If a lighter ball is easier to catch, Seattle cornerback Richard Sherman said, he hadn’t noticed it on any of his 24 career interceptions.
“I have to go back to my collection and check ’em,” Sherman said. “I have to see if there are pounds missing or anything like that.”
Sherman said the investigation won’t change the fact that the Seahawks have to prepare to face the Patriots in Super Bowl XLIX.
“I’m not sure anything will come of it,” Sherman said. “If it’s true or if it’s not true. It didn’t have much effect on the game, if any. If it did, then whatever. If it’s against the rules, it’s against the rules, but it’s not going to have any effect on this game.
“Nobody’s going to get suspended. Nothing’s going to happen. They’re going to play this game. Whatever they did, the risk-reward was greater.”
If anything, Sherman pointed to the league’s threats to suspend running back Marshawn Lynch for wearing gold cleats, and he said there was a double standard.
“They were trying to suspend Marshawn for gold shoes and that [deflating the ball] really affects the game,” Sherman said. “You suspend Marshawn for gold shoes, then you’ve got balls being deflated and that’s the issue.”
An NFL inspection found that 11 of the 12 balls used by the Patriots against the Colts were found to be under inflated by 2 pounds per square inch. NFL specifications require balls to be inflated to 12½-13½ PSI.
The Patriots could be fined if it’s determined they deliberately doctored the footballs.
Seahawks quarterback Russell Wilson steered clear of the controversy.
“I don’t know anything about that,” he said. “So there’s not really much I can comment on that. Obviously they’re a great team. I don’t think of that as an issue, probably. But I have no idea.”
The Colts raised questions about the footballs when linebacker D’Qwell Jackson intercepted a Tom Brady pass in the second quarter.
Jackson reportedly gave the ball to someone on the Colts equipment staff, who then told head coach Chuck Pagano, who passed the information on to general manager Ryan Grigson, who then got in touch with the league.
Andrew Luck, who led the league with 40 touchdown passes, had the worst playoff game of his career, throwing for 126 yards on 12-of-33 passing with two interceptions and a quarterback rating of 23.

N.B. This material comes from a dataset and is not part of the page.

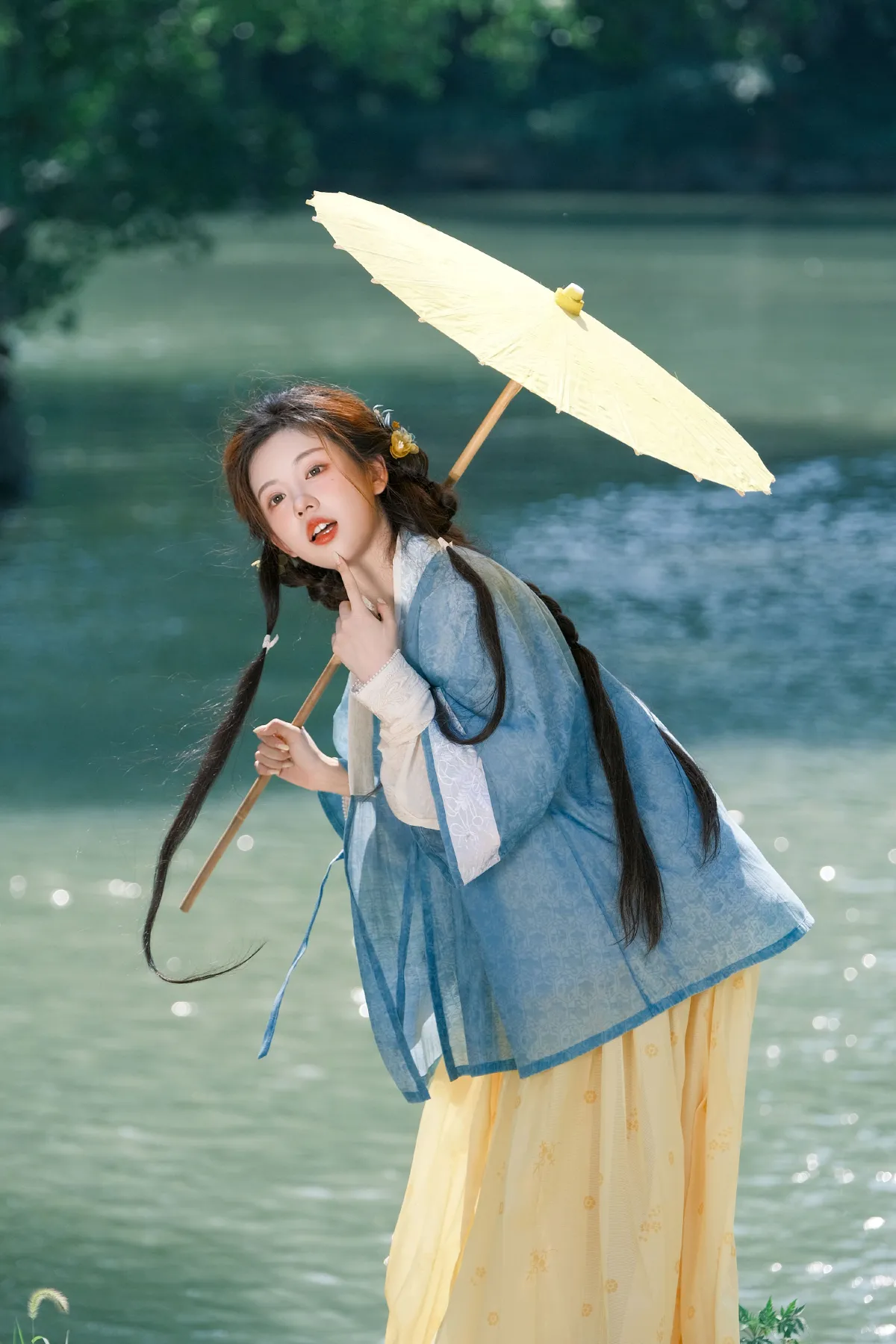 夏天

That said, with the lopsidedness of the score, Colts tight end Dwayne Allen called the issue a nonstory and tweeted, “They could have played with soap for balls and beat us. Simply the better team. We have to continue to build.”

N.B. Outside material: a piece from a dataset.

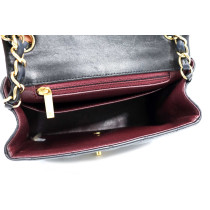 Chanel Square Mini Pelle Nera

Still, opinions around the league varied. Packers quarterback Aaron Rodgers was vocal about his preferences for an overinflated football.
Wilson’s said he wasn’t nearly as picky.
“Just as long as they have laces,” Wilson said. “I’m good to go.”
Seahawks offensive coordinator Darrell Bevell echoed the sentiment.
“We throw whatever’s given to us,” Bevell said. “If it’s flat, we’re in trouble.”
From a receiver’s perspective, Seahawks wideout Jermaine Kearse said he never gave a second thought to the football specs either.
“I just catch footballs as they come,” Kearse said. “It could be a tennis ball out there and if they throw it to me I’ll try to catch it.”
He was more in disbelief about how much attention the issue’s gotten. So much so, that he channeled his inner Allen Iverson.
“Honestly, this is so funny because we’re really talking about footballs right now,” Kearse said. “We’re not talking about the game. We’re talking about footballs. Not the game. But the balls.”